Tem um vizinho que fica exatamente atrás da nossa casa que é amigo da minha mãe há um bom tempo. Eu nunca o tinha visto na vida, mas ele aluga uma parte da casa dele e cede um quarto vazio para que eu possa ficar temporariamente, sem que precise pagar. Pode ser que eu já esteja lá na outra casa quando eu fizer o próximo post. Eu, sinceramente, gostei. Apesar de eu não o conhecer, parece uma boa pessoa. Além de que ele trabalha o dia inteiro e só chega à noite. E eu trabalho a noite. Mal vamos nos ver. E eu vou ter um quarto, depois de tanto tempo... Minha mãe, por enquanto, vai ficar onde está: morando com os outros dois filhos em um cubículo de dois cômodos.

O que será que vai acontecer no próximo capítulo da minha vida?

Não perca! No próximo post, "A Resposta".

Até mais ver. (não entendo esta expressão, mas acho legal)

(Gostou da figura da cigana que eu editei?

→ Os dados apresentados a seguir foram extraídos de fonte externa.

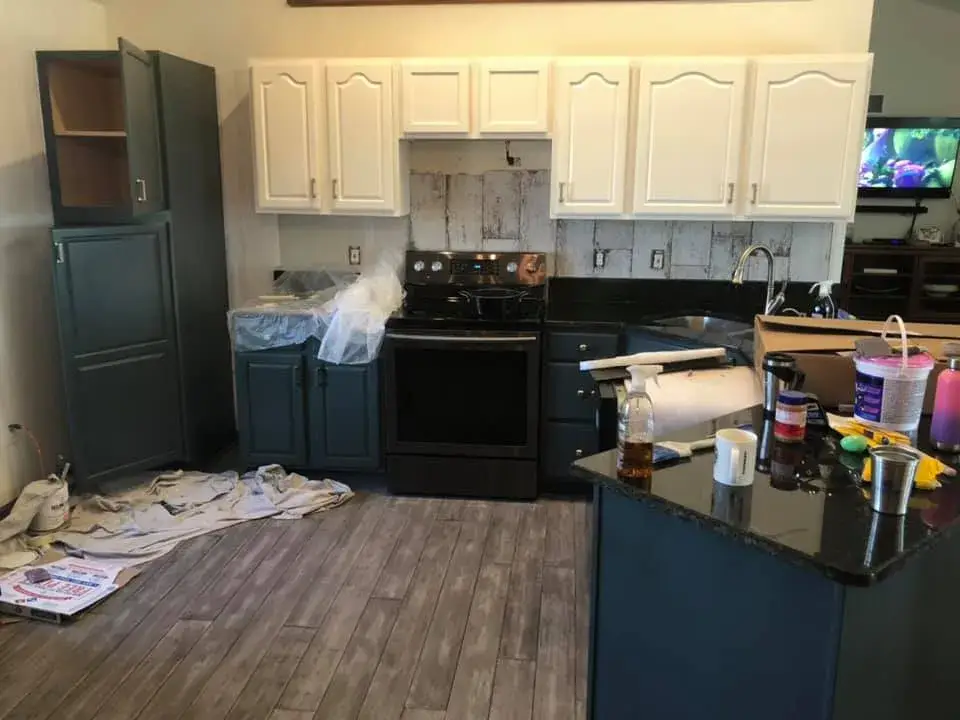 After: kitchen oak cabinets painted white uppers with dark green lowers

Comente.)

terça-feira, 20 de maio de 2008

Depoimentos secretos

O obscuro mundo dos depoimentos secretos...

Quem tem uma conta no orkut, levante a mão!

\o/ \o/ \o/ \o/ \o/ \o/ \o/ \o/ \o/ \o/ \o/ \o/ \o/ \o/ (...)

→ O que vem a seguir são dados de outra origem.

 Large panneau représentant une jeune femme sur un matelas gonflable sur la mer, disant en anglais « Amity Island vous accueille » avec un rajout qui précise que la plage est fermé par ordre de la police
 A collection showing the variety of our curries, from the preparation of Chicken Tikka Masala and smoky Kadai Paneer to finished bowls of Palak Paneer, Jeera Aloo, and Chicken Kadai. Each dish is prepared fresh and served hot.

Considerando que todos que lêem este blog têm uma conta no orkut, vou discutir um assunto, digamos, interessante...

Primeiro, vamos desmistificar o conceito de que a pessoa "tem um orkut"... a única pessoa que pode dizer que tem um orkut é o Ilustríssimo senhor Orkut Buyukkokten, o criador do site (atual Gerente de Projetos da Google). Mas não é dele que vou falar agora. Vou falar (ou escrever) sobre sua valiosa criação.

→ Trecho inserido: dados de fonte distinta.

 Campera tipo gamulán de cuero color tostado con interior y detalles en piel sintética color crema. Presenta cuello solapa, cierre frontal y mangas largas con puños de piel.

Todos sabem que a maioria esmagadora de usuários do orkut é formada por brasileiros (mais de 55%). Mas o que nem todos sabem é que o orkut não é tão público quanto parece.

Antigamente, era fácil ter discrição no orkut. Afinal, só podia ver o seu perfil quem também tivesse uma conta no orkut, o que deixava as coisas mais equilibradas. Se a pessoa olha o seu perfil, você também pode olhar o dela. Nada mais justo. Porém, não passou muito tempo e essa lógica deixou de ser tão óbvia assim com a avalanche de "fakes" (usuário falsos que omitem a verdadeira identidade) que apareceram, tornando tudo muito mais injusto do que deveria ser.

Hoje o orkut é tão popular que é difícil você encontrar alguém que não tenha um perfil nele. E muitos não se contentam com um só perfil, mesmo sendo uma pessoa só (siameses não estão inclusos no exemplo). E se todo mundo tem uma conta no orkut, considerando que vários são fakes, tudo o que você coloca sobre si mesmo fica à mostra para qualquer um que queira saber seus dados e sobre sua vida e seus amigos (é só dá uma lida no perfil e ver as comunidades). Com o tempo, o orkut tem ganhado mais privacidade, como o bloqueio de fotos e de recados (scraps) para outros usuários que não estejam na sua lista de amigos, mas poucos usam este recurso.

Nem todo mundo tem MSN, mas todos têm um perfil no orkut. Logo, é no orkut que você vai manter contato com todos. Pra falar a verdade, é isso o que eu acho mais interessante no orkut: se você que tem um amigo adicionado no orkut, só vai perder o contato com ele se o mesmo remover a conta do orkut. Voltando ao MSN, às vezes você quer dizer algo pra uma certa pessoa e não quer que outras certas pessoas vejam. No MSN você simplesmente pergunta: "Tem alguém aí perto de você?". Mas no orkut isso não é possível via scrap, pois um monte de gente vai ver o que você escreveu antes que o destinatário ocasionalmente remova o comentário. Muitos casais já brigaram e até terminaram o relacionamento só por causa de scraps mal-explicados no perfil do(a) parceiro(a) . Muitas pessoas hoje removem os comentários após lê-los, por conta de brigas e controvérsias causados por simples scraps. Quantas vezes você já viu a clichê frase "Recados lidos, respondidos e apagados"? Pode acreditar que essas pessoas já tiveram problemas por causa de recados no orkut.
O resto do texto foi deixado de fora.